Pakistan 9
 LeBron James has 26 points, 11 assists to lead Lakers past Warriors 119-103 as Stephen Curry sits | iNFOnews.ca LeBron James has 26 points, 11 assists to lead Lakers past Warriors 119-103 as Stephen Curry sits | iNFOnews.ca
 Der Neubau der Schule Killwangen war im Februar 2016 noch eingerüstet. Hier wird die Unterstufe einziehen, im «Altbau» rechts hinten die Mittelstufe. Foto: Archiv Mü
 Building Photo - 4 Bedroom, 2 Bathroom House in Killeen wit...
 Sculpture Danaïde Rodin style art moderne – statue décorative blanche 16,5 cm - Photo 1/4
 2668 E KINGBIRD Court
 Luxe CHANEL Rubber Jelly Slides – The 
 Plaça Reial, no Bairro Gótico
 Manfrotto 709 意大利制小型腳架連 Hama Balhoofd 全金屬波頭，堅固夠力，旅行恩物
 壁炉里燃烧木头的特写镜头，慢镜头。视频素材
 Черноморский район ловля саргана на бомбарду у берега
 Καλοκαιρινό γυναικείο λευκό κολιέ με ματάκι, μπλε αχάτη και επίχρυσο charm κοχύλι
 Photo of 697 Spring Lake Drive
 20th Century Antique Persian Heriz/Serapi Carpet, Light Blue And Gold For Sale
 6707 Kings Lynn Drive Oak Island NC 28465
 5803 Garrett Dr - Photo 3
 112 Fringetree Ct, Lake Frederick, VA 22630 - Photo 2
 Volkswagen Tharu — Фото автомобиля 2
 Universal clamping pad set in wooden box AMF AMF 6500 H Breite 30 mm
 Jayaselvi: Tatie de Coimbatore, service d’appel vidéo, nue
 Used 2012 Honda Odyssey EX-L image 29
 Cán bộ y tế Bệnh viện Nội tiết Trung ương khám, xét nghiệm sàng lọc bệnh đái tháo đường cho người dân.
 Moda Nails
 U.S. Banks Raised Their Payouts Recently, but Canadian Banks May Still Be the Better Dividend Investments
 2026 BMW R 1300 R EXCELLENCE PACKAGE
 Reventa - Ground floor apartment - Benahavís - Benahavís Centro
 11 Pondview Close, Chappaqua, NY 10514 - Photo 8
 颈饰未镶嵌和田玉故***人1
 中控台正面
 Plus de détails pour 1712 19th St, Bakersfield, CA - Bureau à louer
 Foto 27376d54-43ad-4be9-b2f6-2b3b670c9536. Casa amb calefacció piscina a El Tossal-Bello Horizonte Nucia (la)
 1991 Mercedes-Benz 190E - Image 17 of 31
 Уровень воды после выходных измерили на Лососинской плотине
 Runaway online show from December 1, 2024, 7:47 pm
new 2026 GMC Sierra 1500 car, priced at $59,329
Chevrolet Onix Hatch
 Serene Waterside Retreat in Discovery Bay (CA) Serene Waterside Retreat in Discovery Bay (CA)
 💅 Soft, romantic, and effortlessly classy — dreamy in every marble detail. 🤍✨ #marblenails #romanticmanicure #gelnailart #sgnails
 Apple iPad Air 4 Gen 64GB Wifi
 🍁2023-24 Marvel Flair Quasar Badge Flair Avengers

- **WHAT THIS TASK INVOLVES**:
Go back to the listing above and please repeat it exactly.

- **ANSWER SECTION**:
Pakistan 9
 LeBron James has 26 points, 11 assists to lead Lakers past Warriors 119-103 as Stephen Curry sits | iNFOnews.ca LeBron James has 26 points, 11 assists to lead Lakers past Warriors 119-103 as Stephen Curry sits | iNFOnews.ca
 Der Neubau der Schule Killwangen war im Februar 2016 noch eingerüstet. Hier wird die Unterstufe einziehen, im «Altbau» rechts hinten die Mittelstufe. Foto: Archiv Mü
 Building Photo - 4 Bedroom, 2 Bathroom House in Killeen wit...
 Sculpture Danaïde Rodin style art moderne – statue décorative blanche 16,5 cm - Photo 1/4
 2668 E KINGBIRD Court
 Luxe CHANEL Rubber Jelly Slides – The 
 Plaça Reial, no Bairro Gótico
 Manfrotto 709 意大利制小型腳架連 Hama Balhoofd 全金屬波頭，堅固夠力，旅行恩物
 壁炉里燃烧木头的特写镜头，慢镜头。视频素材
 Черноморский район ловля саргана на бомбарду у берега
 Καλοκαιρινό γυναικείο λευκό κολιέ με ματάκι, μπλε αχάτη και επίχρυσο charm κοχύλι
 Photo of 697 Spring Lake Drive
 20th Century Antique Persian Heriz/Serapi Carpet, Light Blue And Gold For Sale
 6707 Kings Lynn Drive Oak Island NC 28465
 5803 Garrett Dr - Photo 3
 112 Fringetree Ct, Lake Frederick, VA 22630 - Photo 2
 Volkswagen Tharu — Фото автомобиля 2
 Universal clamping pad set in wooden box AMF AMF 6500 H Breite 30 mm
 Jayaselvi: Tatie de Coimbatore, service d’appel vidéo, nue
 Used 2012 Honda Odyssey EX-L image 29
 Cán bộ y tế Bệnh viện Nội tiết Trung ương khám, xét nghiệm sàng lọc bệnh đái tháo đường cho người dân.
 Moda Nails
 U.S. Banks Raised Their Payouts Recently, but Canadian Banks May Still Be the Better Dividend Investments
 2026 BMW R 1300 R EXCELLENCE PACKAGE
 Reventa - Ground floor apartment - Benahavís - Benahavís Centro
 11 Pondview Close, Chappaqua, NY 10514 - Photo 8
 颈饰未镶嵌和田玉故***人1
 中控台正面
 Plus de détails pour 1712 19th St, Bakersfield, CA - Bureau à louer
 Foto 27376d54-43ad-4be9-b2f6-2b3b670c9536. Casa amb calefacció piscina a El Tossal-Bello Horizonte Nucia (la)
 1991 Mercedes-Benz 190E - Image 17 of 31
 Уровень воды после выходных измерили на Лососинской плотине
 Runaway online show from December 1, 2024, 7:47 pm
new 2026 GMC Sierra 1500 car, priced at $59,329
Chevrolet Onix Hatch
 Serene Waterside Retreat in Discovery Bay (CA) Serene Waterside Retreat in Discovery Bay (CA)
 💅 Soft, romantic, and effortlessly classy — dreamy in every marble detail. 🤍✨ #marblenails #romanticmanicure #gelnailart #sgnails
 Apple iPad Air 4 Gen 64GB Wifi
 🍁2023-24 Marvel Flair Quasar Badge Flair Avengers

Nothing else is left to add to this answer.